Task item> Verbatim repeat, images excluded. Give each entry again as written.

————

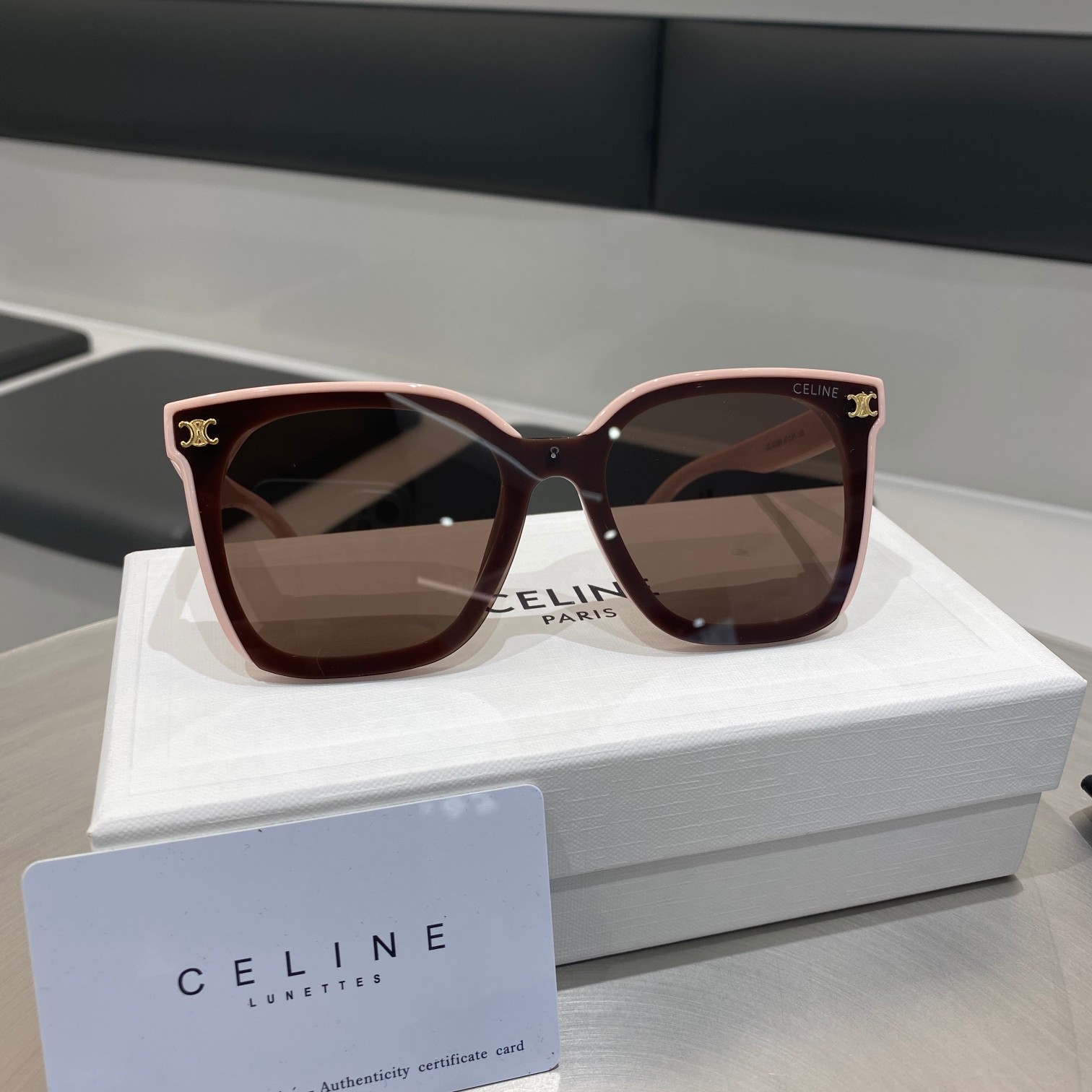 💰85
【赛琳凯旋门墨镜】（配白盒）
CELINE墨镜2023新款来喽🔥
爆款 爆款❤️
有体积感的镜腿与独特的镜腿末端细节更添时尚感。
随便一戴都很有明星感 
上脸气场很强 时髦指数彪升
非常适合日常出行
oversize敲敲敲显脸小☑️
不同的墨镜满足不同造型需求 
 时髦精致的都市达人 你岂能错过 🥰男女通用

颜色，粉色，黑色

————

Solution to this exercise>
 💰85
【赛琳凯旋门墨镜】（配白盒）
CELINE墨镜2023新款来喽🔥
爆款 爆款❤️
有体积感的镜腿与独特的镜腿末端细节更添时尚感。
随便一戴都很有明星感 
上脸气场很强 时髦指数彪升
非常适合日常出行
oversize敲敲敲显脸小☑️
不同的墨镜满足不同造型需求 
 时髦精致的都市达人 你岂能错过 🥰男女通用

颜色，粉色，黑色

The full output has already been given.